Whereas in the previous semesters I shun away from exposing my class to new methods, except teaching them explicitly the concept of controlled experimentations, the differences among dependent, independent and controlled variables and correcting their misunderstanding, thinking that there was an abundance of knowledge to assimilate for a meager semester, I boldly changed direction in my teaching approach by investing more time on exposing and explaining the various methods that human factors might be applying in their profession. The first assignment was using excel to compare 40 methods used in human factors, industrial engineering, industrial psychology, and designers of intelligent machines. This assignment was a version of article #14, about the taxonomy of methods, from 20 articles that I wrote the previous years and offered them as an introduction to the course, in addition to the course materials. The students were supposed to select five categories from more than the dozen ways to classifying methods such as definition, purpose, applications, inputs, processes, procedures, output/product, mathematical requirements, disciplines teaching them, advantages, disadvantages, sources/links, connections with other methods, and comments.
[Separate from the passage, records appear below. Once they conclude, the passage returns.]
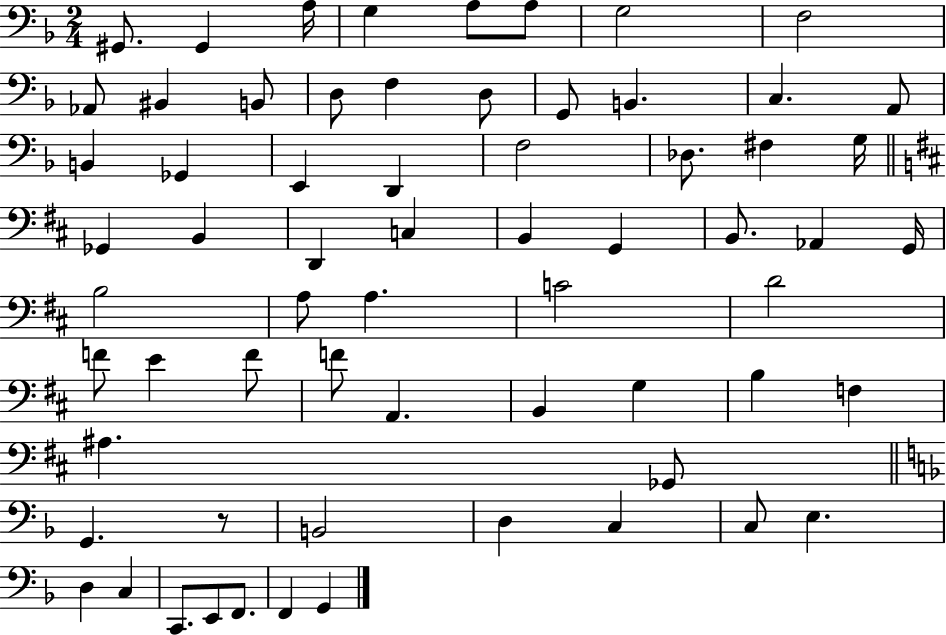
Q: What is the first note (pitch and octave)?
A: G#2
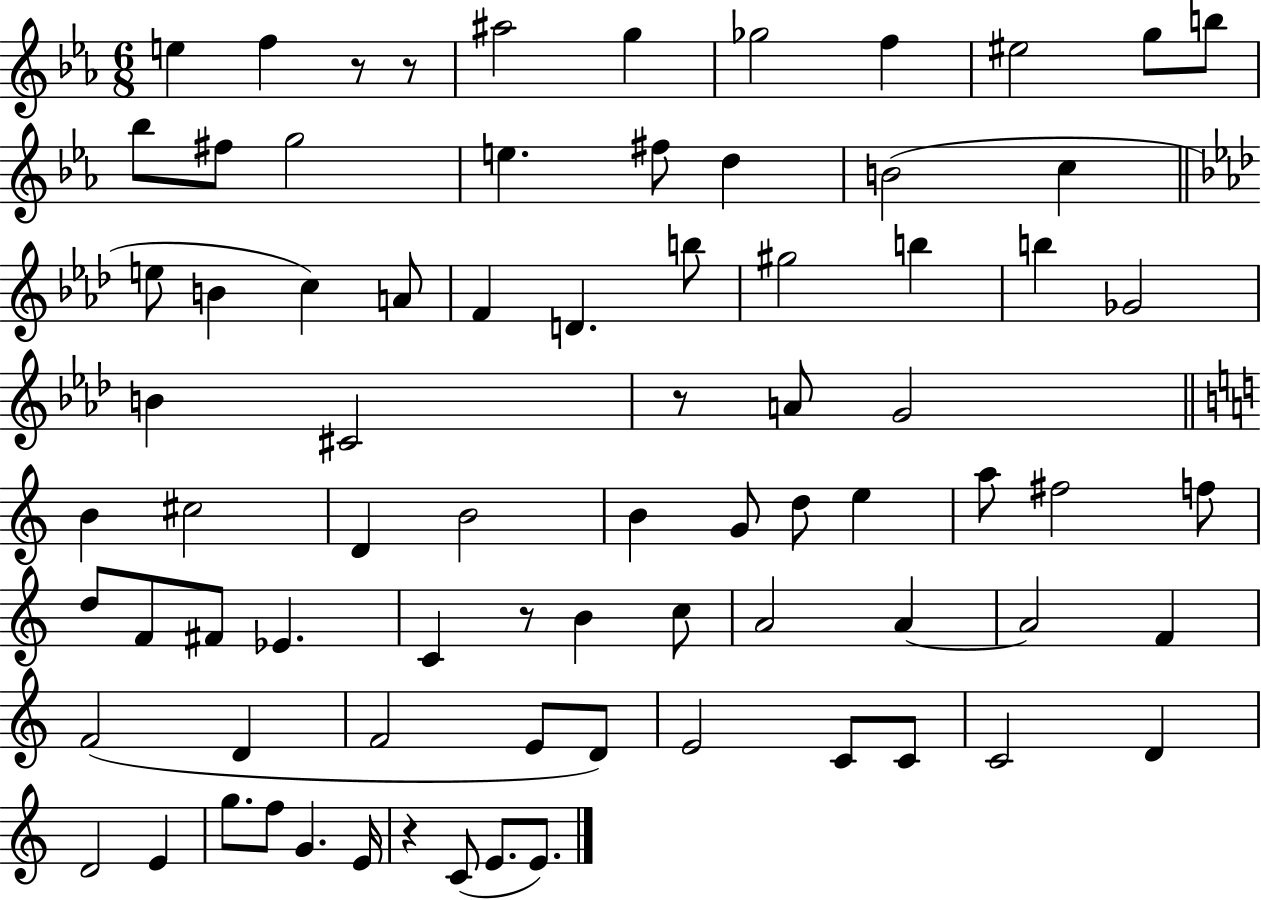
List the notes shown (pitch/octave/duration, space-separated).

E5/q F5/q R/e R/e A#5/h G5/q Gb5/h F5/q EIS5/h G5/e B5/e Bb5/e F#5/e G5/h E5/q. F#5/e D5/q B4/h C5/q E5/e B4/q C5/q A4/e F4/q D4/q. B5/e G#5/h B5/q B5/q Gb4/h B4/q C#4/h R/e A4/e G4/h B4/q C#5/h D4/q B4/h B4/q G4/e D5/e E5/q A5/e F#5/h F5/e D5/e F4/e F#4/e Eb4/q. C4/q R/e B4/q C5/e A4/h A4/q A4/h F4/q F4/h D4/q F4/h E4/e D4/e E4/h C4/e C4/e C4/h D4/q D4/h E4/q G5/e. F5/e G4/q. E4/s R/q C4/e E4/e. E4/e.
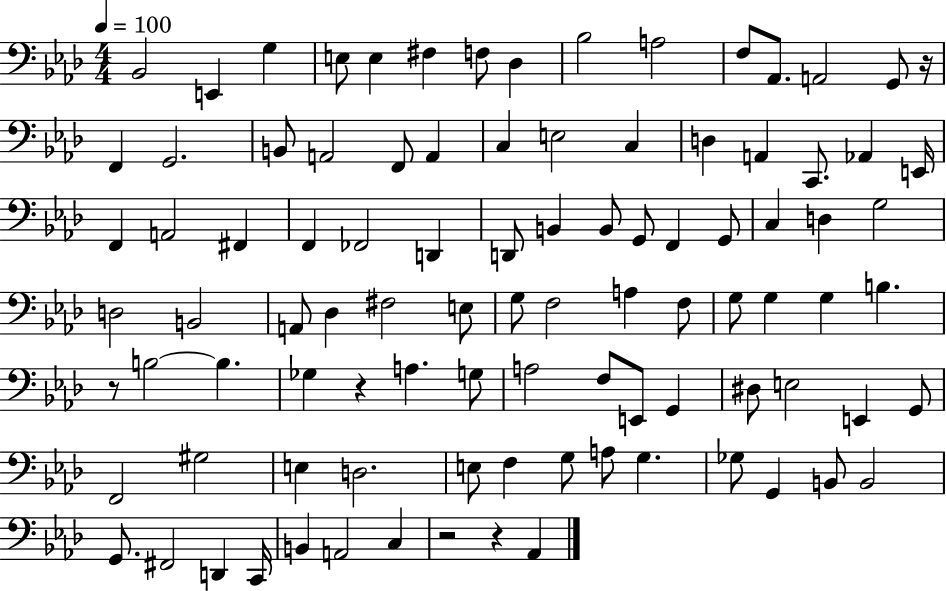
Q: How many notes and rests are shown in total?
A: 96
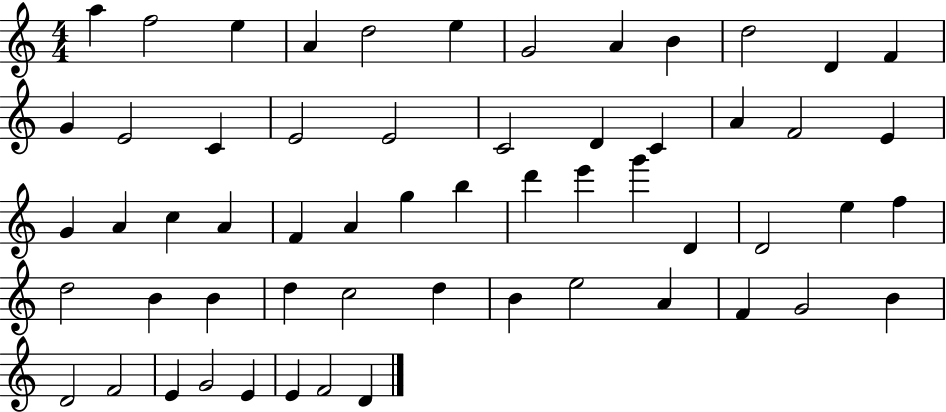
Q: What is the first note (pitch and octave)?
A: A5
I expected that, as engineers, they would logically select for columns applications, input, procedure, output, and comments because they are what define a method but somehow they opted for applications, procedures, advantages, disadvantages, and comments mainly because it is how the internet offer information. After 3 students submitted their assignment on time I handed them over 40 summary sheets for the 16 methods used to analyzing a system or a mission, at least 2 sheets for each of 16 methods, one sheet on the purpose, input, procedure, and output/product of the method and the other sheets as examples of what the output is expected to look for presentation. I then asked the less performing students to concentrate on only the 16 methods for their assignment and most of them did not submit this assignment even two months later.
So far I used up six sessions for methods or related topics such as the methods applied in the process of analyzing systems’ performance, psychophysical procedures, the fundamentals of controlled experimentation methods, human factors performance criteria, and what human factors measure in their experiments.
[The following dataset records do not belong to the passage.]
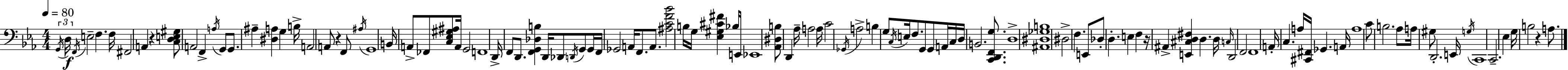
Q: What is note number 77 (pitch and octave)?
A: F2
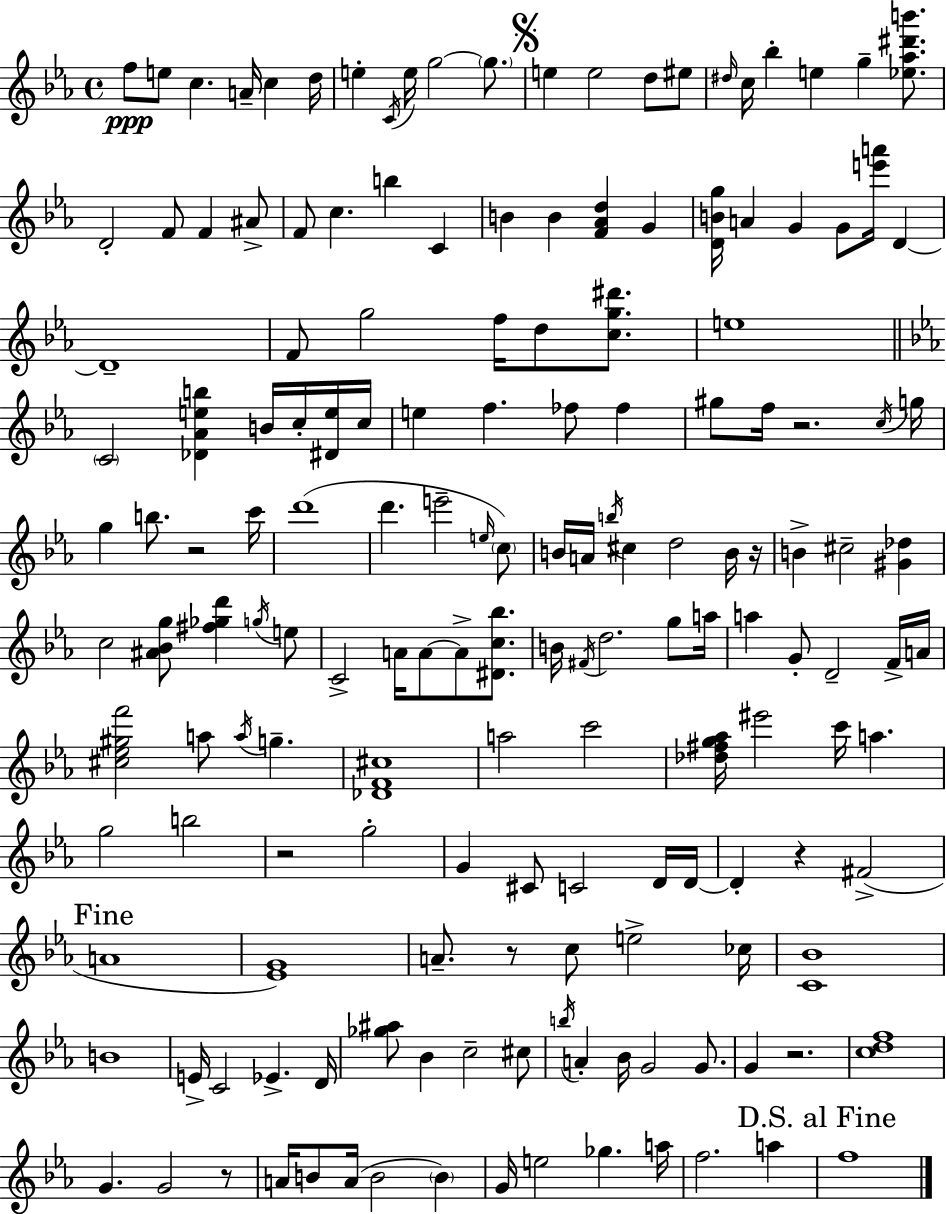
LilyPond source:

{
  \clef treble
  \time 4/4
  \defaultTimeSignature
  \key ees \major
  f''8\ppp e''8 c''4. a'16-- c''4 d''16 | e''4-. \acciaccatura { c'16 } e''16 g''2~~ \parenthesize g''8. | \mark \markup { \musicglyph "scripts.segno" } e''4 e''2 d''8 eis''8 | \grace { dis''16 } c''16 bes''4-. e''4 g''4-- <ees'' aes'' dis''' b'''>8. | \break d'2-. f'8 f'4 | ais'8-> f'8 c''4. b''4 c'4 | b'4 b'4 <f' aes' d''>4 g'4 | <d' b' g''>16 a'4 g'4 g'8 <e''' a'''>16 d'4~~ | \break d'1-- | f'8 g''2 f''16 d''8 <c'' g'' dis'''>8. | e''1 | \bar "||" \break \key c \minor \parenthesize c'2 <des' aes' e'' b''>4 b'16 c''16-. <dis' e''>16 c''16 | e''4 f''4. fes''8 fes''4 | gis''8 f''16 r2. \acciaccatura { c''16 } | g''16 g''4 b''8. r2 | \break c'''16 d'''1( | d'''4. e'''2-- \grace { e''16 } | \parenthesize c''8) b'16 a'16 \acciaccatura { b''16 } cis''4 d''2 | b'16 r16 b'4-> cis''2-- <gis' des''>4 | \break c''2 <ais' bes' g''>8 <fis'' ges'' d'''>4 | \acciaccatura { g''16 } e''8 c'2-> a'16 a'8~~ a'8-> | <dis' c'' bes''>8. b'16 \acciaccatura { fis'16 } d''2. | g''8 a''16 a''4 g'8-. d'2-- | \break f'16-> a'16 <cis'' ees'' gis'' f'''>2 a''8 \acciaccatura { a''16 } | g''4.-- <des' f' cis''>1 | a''2 c'''2 | <des'' fis'' g'' aes''>16 eis'''2 c'''16 | \break a''4. g''2 b''2 | r2 g''2-. | g'4 cis'8 c'2 | d'16 d'16~~ d'4-. r4 fis'2->( | \break \mark "Fine" a'1 | <ees' g'>1) | a'8.-- r8 c''8 e''2-> | ces''16 <c' bes'>1 | \break b'1 | e'16-> c'2 ees'4.-> | d'16 <ges'' ais''>8 bes'4 c''2-- | cis''8 \acciaccatura { b''16 } a'4-. bes'16 g'2 | \break g'8. g'4 r2. | <c'' d'' f''>1 | g'4. g'2 | r8 a'16 b'8 a'16( b'2 | \break \parenthesize b'4) g'16 e''2 | ges''4. a''16 f''2. | a''4 \mark "D.S. al Fine" f''1 | \bar "|."
}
As for the body of knowledge I extract a few facts from experiments and asked them to participate in providing me with the rationales or processes that might explain these facts. For example, if data show that females on average are two third the strength of males then what could be the underlying causes for that discovery? Could that fact be explained by the length of the muscles, the cross section thickness of the muscles, the number of muscle fibers, or the length of the corresponding bones?
Facts are entertaining but I figured that they are big boys to be constantly entertained while shovelful of money is being spent for their university education. Facts are entertaining but there have to come a time when these big boys stop and wonder at the brain power, Herculean patience, and hard work behind these amusing sessions.
The next assignment was to observe the business of the family’s bread earner, note down the minute tasks of his typical day work, learn about the business by attempting to generate detailed answers from a questionnaire they have to develop based on a set of investigative query and problems related to human factors performance criteria in the assignment sheet, and to report back what are the routine and daily tasks that enabled the students to join a university. Three students worked with their fathers’ in summer times and enjoyed the assignment; the remaining students could not shake off their 8th grade habits, wrote the questionnaire, mailed it, and waited for the answers. I was expecting that the students would apply the methodology they learned in analyzing systems such as activity, decision, and task analyses but the good stuff was not forthcoming. To encourage them to cater to the business that they might inherit, I assigned them a lecture project that would generate the requisite analyses with a clear objective of focusing on near-accidents, foreseeable errors, safety of the workers and heath conditions in the work place.
So far, the products of the two quizzes were complete failures; although most of the questions in the second quiz were from the same chapter sources as the first quiz, it is amazing how ill prepared are the students for assimilating or focusing on the essential ideas, concepts, and methods. So far, with a third of the semester over, I can points to only two students who are delivering serious investment in time, hard work, and excitement and are shooting for a deserved grade of A.